■ TASK DETAILS ■
Output the listing exactly, without its pictures.

■ GIVEN DATA ■

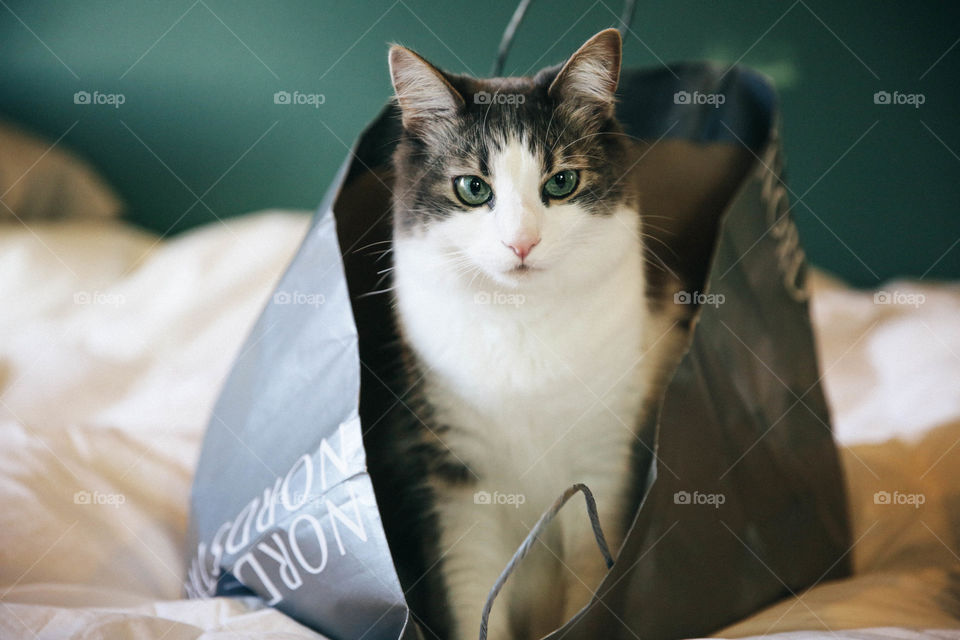 Fluffy cat in a Nordstrom bag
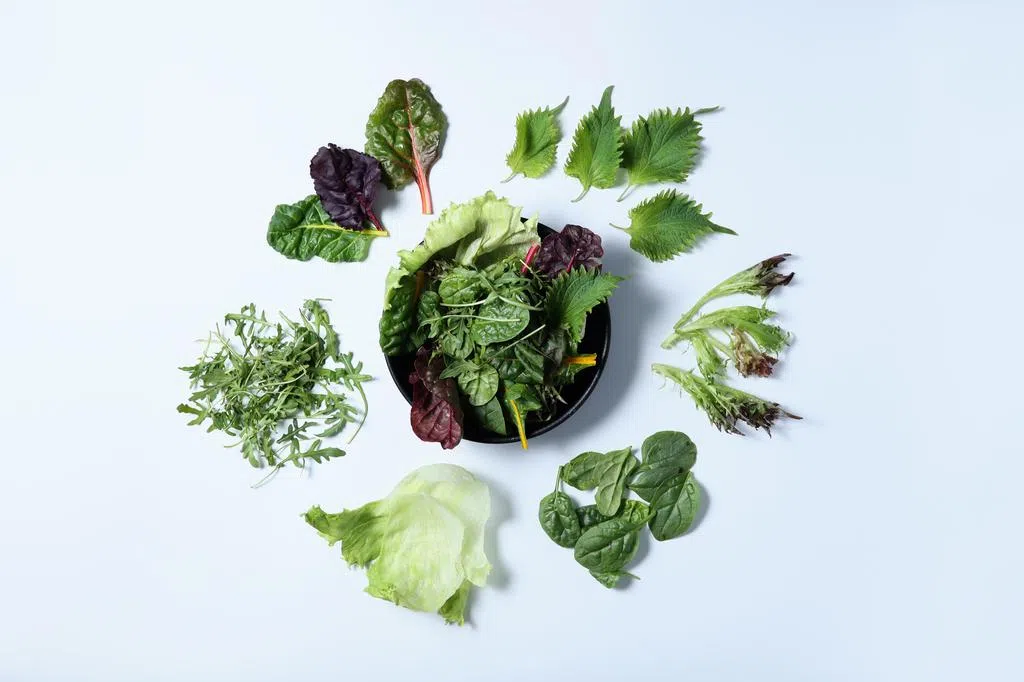 Small herbs and spices: a smart choice for enhancing flavor and reducing salt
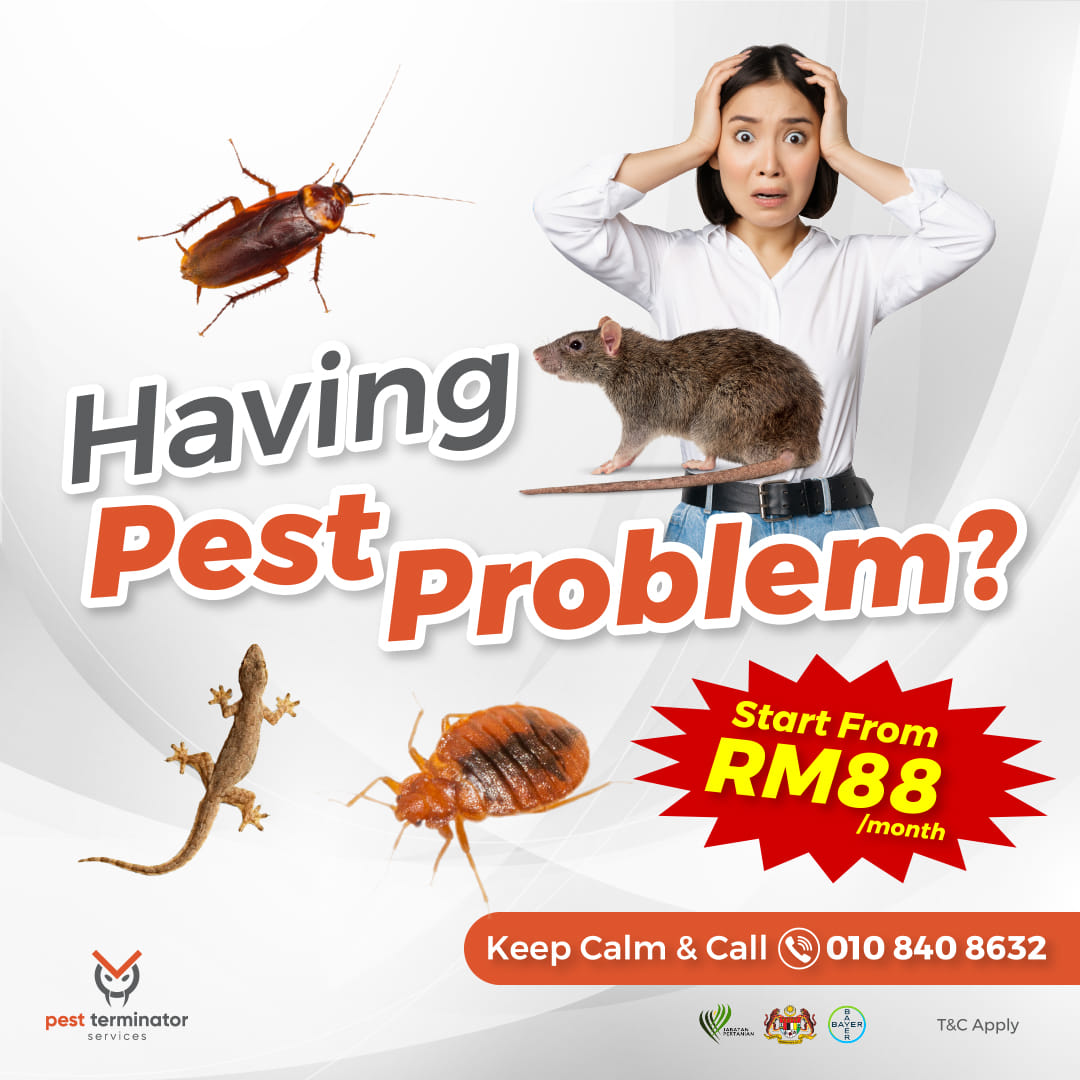 Pest Terminator Services Facebook ad: ๐ช๐ฒ ๐๐ฟ๐ฒ๐ฎ๐ ๐๐ผ๐๐ฟ ๐ต๐ผ๐บ๐ฒ ๐น๐ถ๐ธ๐ฒ ๐ผ๐๐ฟ ๐ผ๐๐ป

■ TASK ANSWER ■
 Fluffy cat in a Nordstrom bag
 Small herbs and spices: a smart choice for enhancing flavor and reducing salt
 Pest Terminator Services Facebook ad: ๐ช๐ฒ ๐๐ฟ๐ฒ๐ฎ๐ ๐๐ผ๐๐ฟ ๐ต๐ผ๐บ๐ฒ ๐น๐ถ๐ธ๐ฒ ๐ผ๐๐ฟ ๐ผ๐๐ป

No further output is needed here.